Par pendaison, écartèlement, décapitation ou immolation, les exécutions en place publique étaient de rigueur au temps des Capitouls. Du Moyen-Âge à 1789, ces derniers, magistrats de la ville, condamnaient les criminels ayant commis des actes graves à cette fin tragique. Des endroits précis à Toulouse y étaient même dédiés, mais est-ce vraiment le cas de la rue des Bûchers, comme le voudrait la logique ?

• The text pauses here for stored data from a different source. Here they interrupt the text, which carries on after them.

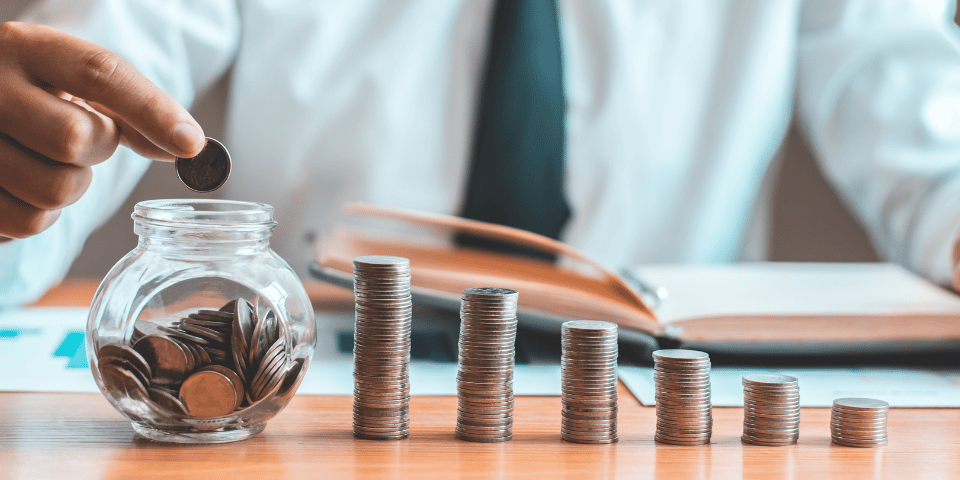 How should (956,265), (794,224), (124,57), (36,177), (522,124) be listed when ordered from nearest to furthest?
1. (36,177)
2. (956,265)
3. (124,57)
4. (522,124)
5. (794,224)

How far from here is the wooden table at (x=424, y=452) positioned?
45cm

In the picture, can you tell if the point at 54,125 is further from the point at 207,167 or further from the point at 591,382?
the point at 591,382

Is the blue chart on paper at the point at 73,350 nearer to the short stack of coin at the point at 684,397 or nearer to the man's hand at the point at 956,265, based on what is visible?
the short stack of coin at the point at 684,397

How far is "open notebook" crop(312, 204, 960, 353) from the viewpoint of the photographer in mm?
710

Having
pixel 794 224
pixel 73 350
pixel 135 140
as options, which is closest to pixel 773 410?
pixel 135 140

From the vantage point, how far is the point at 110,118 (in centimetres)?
54

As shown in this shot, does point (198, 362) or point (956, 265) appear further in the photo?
point (956, 265)

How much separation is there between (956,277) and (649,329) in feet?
1.23

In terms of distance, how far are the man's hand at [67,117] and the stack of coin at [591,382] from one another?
271 millimetres

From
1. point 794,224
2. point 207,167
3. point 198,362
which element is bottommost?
point 794,224

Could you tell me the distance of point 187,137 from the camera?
489 mm

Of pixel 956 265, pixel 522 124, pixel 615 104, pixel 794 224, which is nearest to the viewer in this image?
pixel 956 265

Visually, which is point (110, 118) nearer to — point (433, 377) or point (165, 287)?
point (165, 287)

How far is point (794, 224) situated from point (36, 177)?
1566 millimetres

A Toulouse, la dernière exécution a eu lieu le 13 janvier 1948, dans la cour d’honneur du Castelet de la prison Saint-Michel. Deux condamnés à mort ont été guillotinés. Mais au temps des Capitouls, magistrats qui dirigeaient la ville du Moyen-Âge à la Révolution française, cette sentence était régulièrement infligée aux criminels. A différents endroits de la ville, selon les périodes, étaient disséminés des échafauds et des piloris pour exécuter et exposer les condamnés. Pour cela, plusieurs méthodes : la décollation (tête tranchée), réservée à la noblesse, la pendaison, ou le bûcher, traditionnellement destiné aux auteurs d’infanticides, au cas de sorcellerie, aux hérétiques, et dont a été victime le protestant Jean Calas en 1762 après avoir été roué.

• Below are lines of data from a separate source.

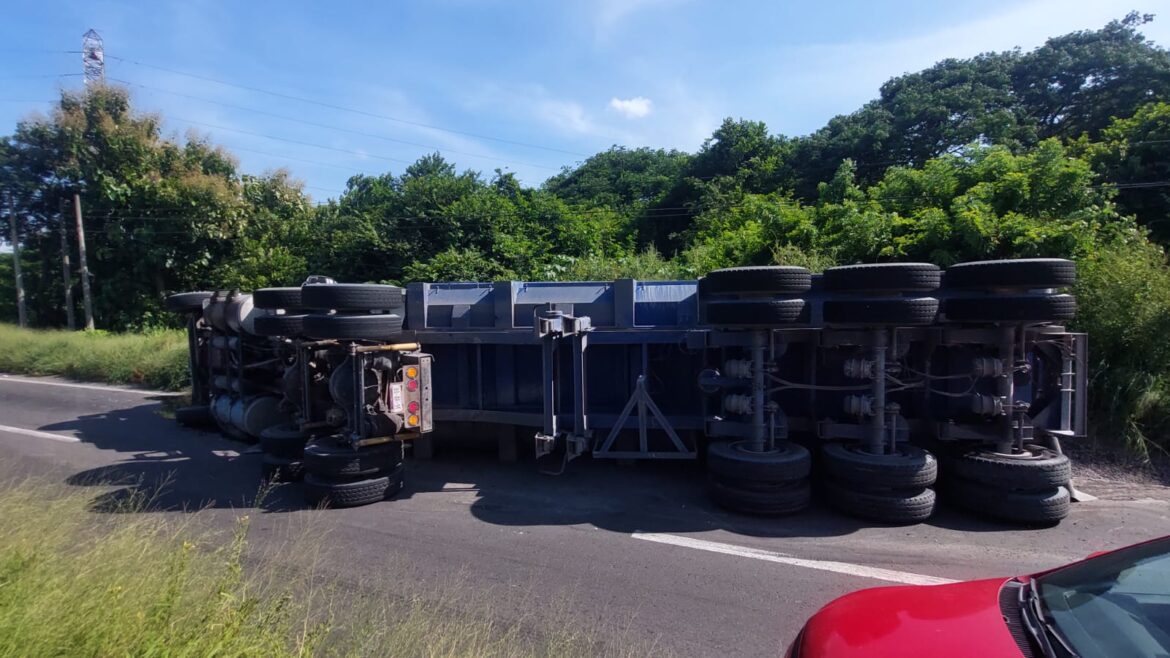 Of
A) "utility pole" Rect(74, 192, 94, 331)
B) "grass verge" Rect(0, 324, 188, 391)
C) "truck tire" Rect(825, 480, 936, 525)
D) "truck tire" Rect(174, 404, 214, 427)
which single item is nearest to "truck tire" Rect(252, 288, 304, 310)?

Qu’il s’agisse d’une guillotine, d’une potence ou d’un amas de bois à brûler, les dispositifs d’exécution étaient tous disposés au même endroit. « A Toulouse, cela devait être Rue des Bûchers évidemment ! » déduit Estelle, sûre d’elle. Mais cette étudiante en histoire de l’art à l’université Jean-Jaurès de Toulouse, d’une logique toponymique implacable, fait fausse route. En effet, contrairement à ce que le nom de cette rue pourrait laisser penser, aucune exécution n’y aurait eu lieu. Ainsi, personne n’a donc été brulé, ou plus généralement exécuté, rue des Bûchers.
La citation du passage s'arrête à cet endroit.